Feeling defeated in life Sarah drifted back to her sometimes hazy memories of the Labyrinth, the creatures that lived there and, in particular, Jareth. She was remembering how ever since then he’d made his living in her dreams, her nightmares, her fantasies and everything in between.
She was facing a divorce. Her so-called husband, Johnny, had just come by to pick up more of his things. He’d found a little house to rent across town and was finally out of her hair. She was both relieved and disappointed, which was ironic, she thought. At least she had her baby girl, Katie Bug, there with her. She could always call the Goblin King at anytime now that she knew the right words, and there was a baby in the house, but she could never risk her daughter like that. I mean, Just because she beat the Labyrinth once who was to say she could do it again. Plus she’d had lots of help then. She wondered if all her friends from the Labyrinth were still there. She remembered them telling her to call on them anytime she ever needed them.

Surely if I beat his Labyrinth once I could do it again, she thought. Or if he tries to keep Katie there I will refuse to leave…she debated in her mind endless possibilities.

Meanwhile, at the center of the Goblin City, little did Sarah know it but she was on Jareth’s mind as well. He was sitting in his highbacked chair, his legs thrown over the side of one arm staring intently into the crystal sitting on a small round table in front of him. Inside the crystal, of course, was Sarah lounging on a sofa and daydreaming about Jareth and his mysterious Labyrinth.

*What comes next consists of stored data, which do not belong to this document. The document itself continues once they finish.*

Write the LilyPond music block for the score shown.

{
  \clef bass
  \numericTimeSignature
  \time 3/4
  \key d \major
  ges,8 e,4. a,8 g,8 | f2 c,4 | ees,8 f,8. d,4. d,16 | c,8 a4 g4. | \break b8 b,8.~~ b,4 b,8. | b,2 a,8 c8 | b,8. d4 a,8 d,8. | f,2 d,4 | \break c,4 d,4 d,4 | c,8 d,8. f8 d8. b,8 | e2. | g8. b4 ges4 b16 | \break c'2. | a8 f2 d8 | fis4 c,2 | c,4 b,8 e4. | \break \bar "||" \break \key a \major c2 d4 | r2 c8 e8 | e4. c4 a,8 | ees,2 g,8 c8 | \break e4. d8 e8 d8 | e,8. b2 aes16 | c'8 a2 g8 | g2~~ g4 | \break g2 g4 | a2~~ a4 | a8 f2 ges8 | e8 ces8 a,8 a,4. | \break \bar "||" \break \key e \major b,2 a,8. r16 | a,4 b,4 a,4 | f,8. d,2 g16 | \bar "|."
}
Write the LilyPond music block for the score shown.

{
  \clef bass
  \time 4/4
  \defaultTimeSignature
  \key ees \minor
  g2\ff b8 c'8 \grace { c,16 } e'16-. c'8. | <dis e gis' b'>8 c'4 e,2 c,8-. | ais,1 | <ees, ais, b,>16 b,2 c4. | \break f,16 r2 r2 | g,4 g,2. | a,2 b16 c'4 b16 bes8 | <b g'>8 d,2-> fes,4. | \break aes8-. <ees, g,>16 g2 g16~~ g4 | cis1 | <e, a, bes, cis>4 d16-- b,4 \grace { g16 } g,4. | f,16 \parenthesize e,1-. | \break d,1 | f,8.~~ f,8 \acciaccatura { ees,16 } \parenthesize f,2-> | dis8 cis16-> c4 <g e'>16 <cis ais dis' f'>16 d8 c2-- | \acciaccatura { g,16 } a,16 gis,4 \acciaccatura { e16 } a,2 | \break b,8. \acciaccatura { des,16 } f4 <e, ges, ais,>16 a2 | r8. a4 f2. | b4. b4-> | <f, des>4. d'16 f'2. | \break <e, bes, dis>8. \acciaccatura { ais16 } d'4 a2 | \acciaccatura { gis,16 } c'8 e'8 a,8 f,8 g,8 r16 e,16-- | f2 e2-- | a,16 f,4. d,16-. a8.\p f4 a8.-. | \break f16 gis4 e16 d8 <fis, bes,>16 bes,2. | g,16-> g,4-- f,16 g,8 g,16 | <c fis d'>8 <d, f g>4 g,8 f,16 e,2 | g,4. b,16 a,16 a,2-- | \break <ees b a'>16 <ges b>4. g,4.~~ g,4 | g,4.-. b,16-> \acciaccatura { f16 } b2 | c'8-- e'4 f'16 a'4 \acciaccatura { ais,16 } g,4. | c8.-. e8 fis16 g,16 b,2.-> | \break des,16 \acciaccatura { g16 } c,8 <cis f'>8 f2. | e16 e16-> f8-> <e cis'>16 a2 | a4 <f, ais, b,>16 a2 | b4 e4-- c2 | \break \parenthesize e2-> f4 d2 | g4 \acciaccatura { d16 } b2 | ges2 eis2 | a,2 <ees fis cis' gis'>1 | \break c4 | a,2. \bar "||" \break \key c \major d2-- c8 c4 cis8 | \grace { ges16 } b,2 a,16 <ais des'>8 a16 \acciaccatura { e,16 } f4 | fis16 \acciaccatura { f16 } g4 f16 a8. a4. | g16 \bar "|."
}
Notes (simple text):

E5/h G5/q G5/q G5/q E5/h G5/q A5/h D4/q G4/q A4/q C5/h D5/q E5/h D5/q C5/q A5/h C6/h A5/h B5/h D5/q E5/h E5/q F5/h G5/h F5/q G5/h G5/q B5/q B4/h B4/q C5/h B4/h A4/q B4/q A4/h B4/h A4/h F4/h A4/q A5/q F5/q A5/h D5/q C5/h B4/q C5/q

If only she were speaking her thoughts aloud he would have jumped at the smallest opportunity. But all he could do was sit there and watch her stew silently. He didn’t even know if she remembered him, she never spoke of him out loud and it was all he could do just to wonder. And, he thought to himself, even if she does remember me, she might hate me, maybe she even thinks I enjoy taking babies and turning them into goblins. While the goblins may be fun at times, this was certainly never what he intended for his life. Especially since it had grown old in the many years he’d been stuck there playing King in this city of goblins. If he was going to be immortal after all he’d like to at least have more freedom to pursue his own dreams. Ah, to be free from this curse, he couldn’t even imagine it had been so long. He’d thought many times about returning to Sarah in his owl form and dared to try it only once. But it was late at night and her and her husband were sleeping. He left unseen and feeling rather rejected.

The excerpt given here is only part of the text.